─── Provided material

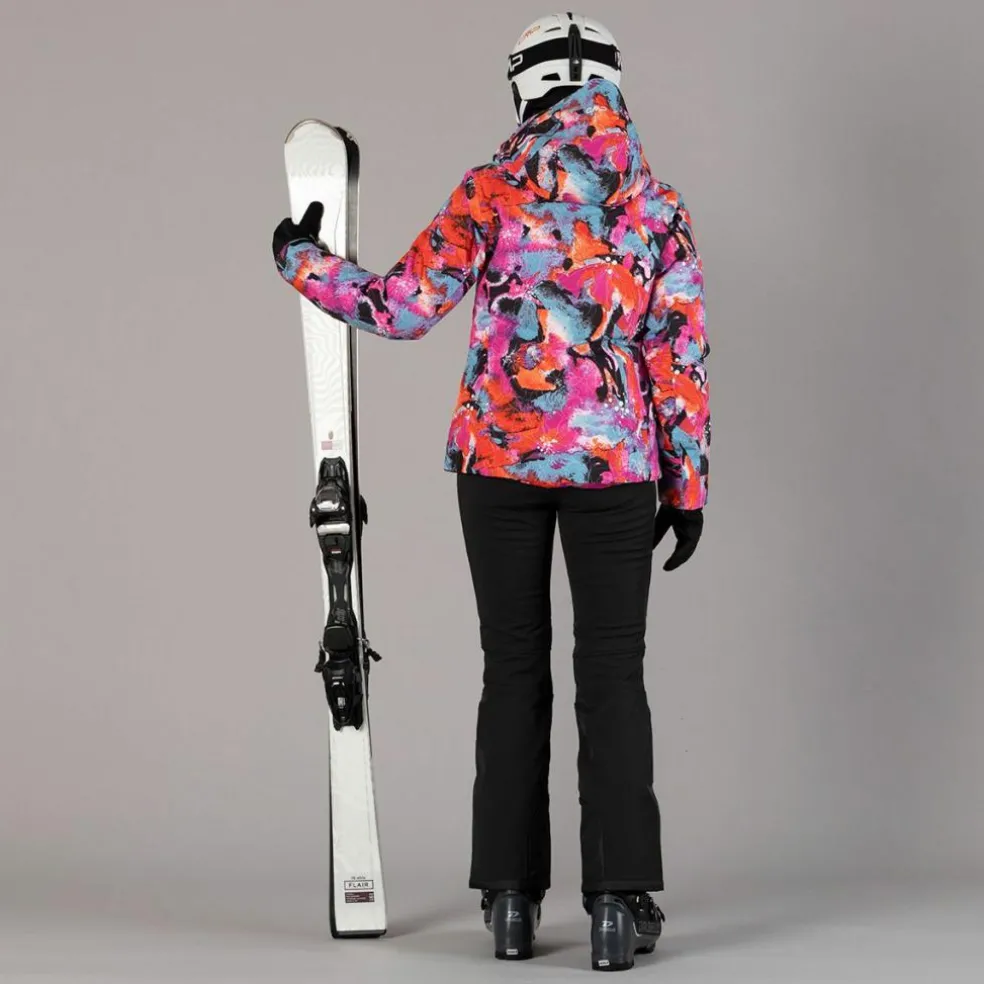 Pantaloni sci da donna con strato interno in pile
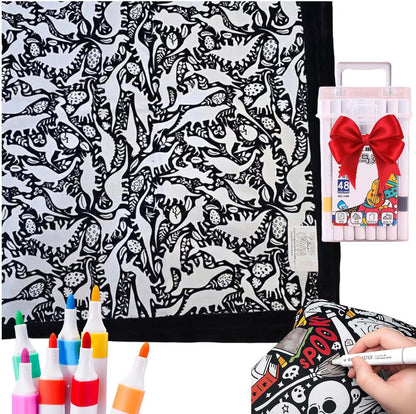 DIY Coloring Blanket with Markers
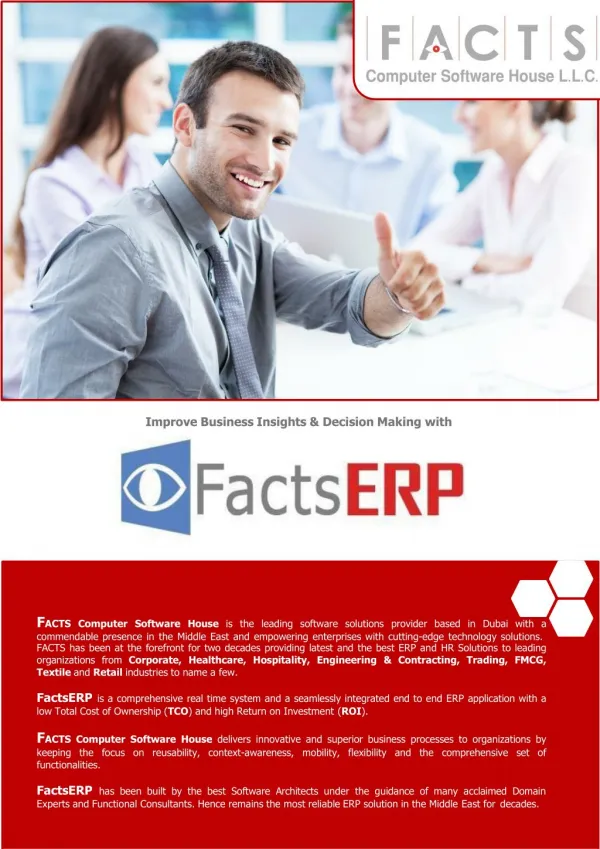 FactsERP-Product Brochure 2016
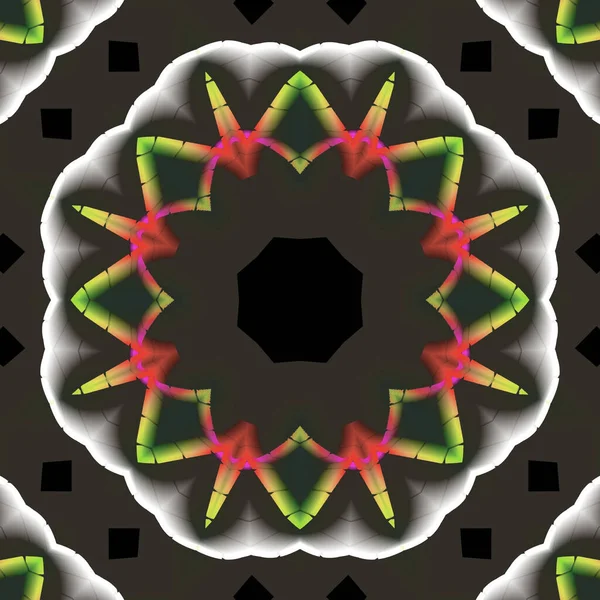 Diseño Abstracto Ilustración Del Mandala Hecho Con Propósito Diseñar Tela —  Fotos de Stock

──────

What is expected |
Take the line containing "DIY Coloring Blanket with Markers" and every line after it through the end of the data, and write them out exactly, with no pictures.

Exercise output |
 DIY Coloring Blanket with Markers
 FactsERP-Product Brochure 2016
 Diseño Abstracto Ilustración Del Mandala Hecho Con Propósito Diseñar Tela —  Fotos de Stock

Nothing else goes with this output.